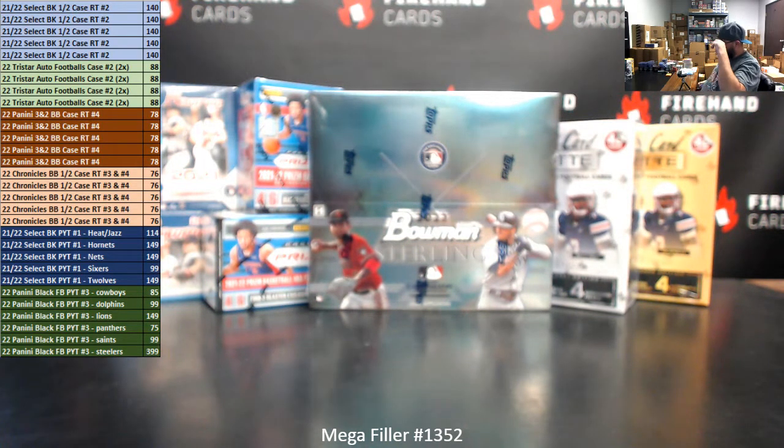And like I said, with store credit, two participants, $100 each. That'll be spots 1 and 2, and then spots 3 and 4 Bowman, 5 and 6 Prism Blaster, 7 and 8 Wild Card Mat Boxes.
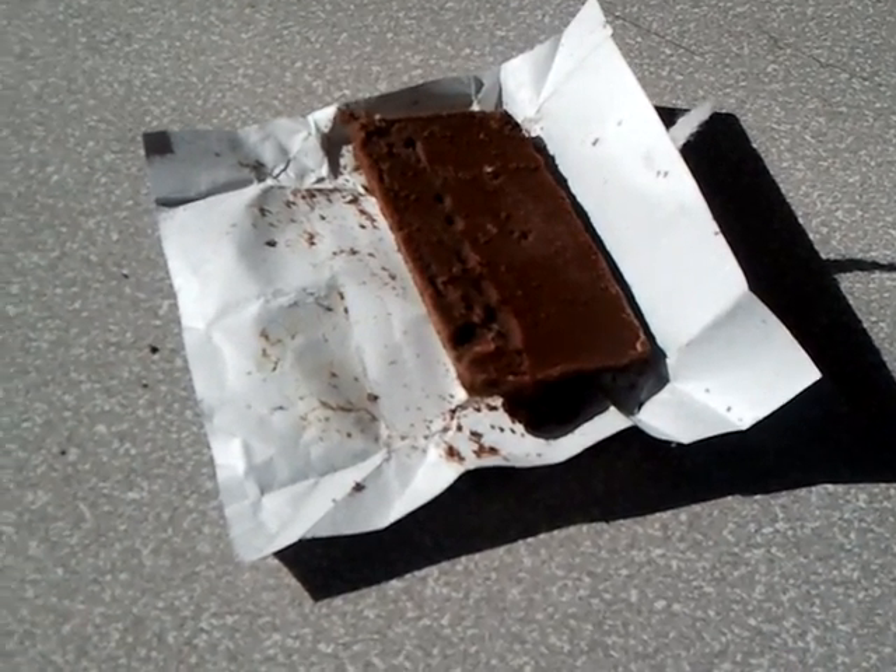We just opened this Hershey's chocolate bar, and there is someone else in here other than the chocolate. Let's see if we can get a picture. Oh, there's three worms. Look at that. Oh, there's four! One, two, three, four worms.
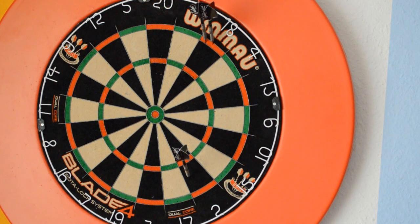Double 18, single 2 and double 18 is also a great way to check out 74.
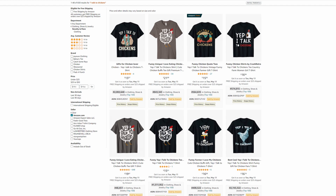Niche number 2: Yep, I talk to chickens. This niche has 650 results, which makes it very competitive. The best shirt here has a BSR of 48,648. It's priced at $19.97, which gives the seller $5.20 in royalties from each sale. Look at the first shirt in the first row — the BSR of it is above 2 million but the Amazon algorithm gives it a chance to make more impressions and sales.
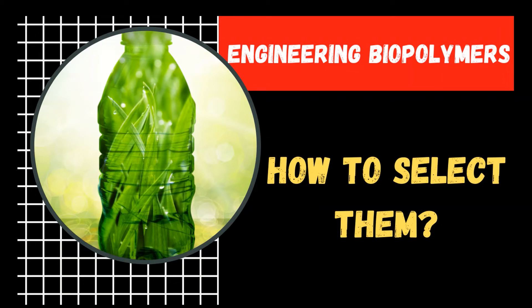Hello and welcome to a new video. My name is Tevig Giusta and today we discuss how to select engineering biopolymers for durable applications.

▸ **Instructions for the task**
Print the records above exactly, minus pictures.

▸ **Result of the exercise**
And like I said, with store credit, two participants, $100 each. That'll be spots 1 and 2, and then spots 3 and 4 Bowman, 5 and 6 Prism Blaster, 7 and 8 Wild Card Mat Boxes.
We just opened this Hershey's chocolate bar, and there is someone else in here other than the chocolate. Let's see if we can get a picture. Oh, there's three worms. Look at that. Oh, there's four! One, two, three, four worms.
Double 18, single 2 and double 18 is also a great way to check out 74.
Niche number 2: Yep, I talk to chickens. This niche has 650 results, which makes it very competitive. The best shirt here has a BSR of 48,648. It's priced at $19.97, which gives the seller $5.20 in royalties from each sale. Look at the first shirt in the first row — the BSR of it is above 2 million but the Amazon algorithm gives it a chance to make more impressions and sales.
Hello and welcome to a new video. My name is Tevig Giusta and today we discuss how to select engineering biopolymers for durable applications.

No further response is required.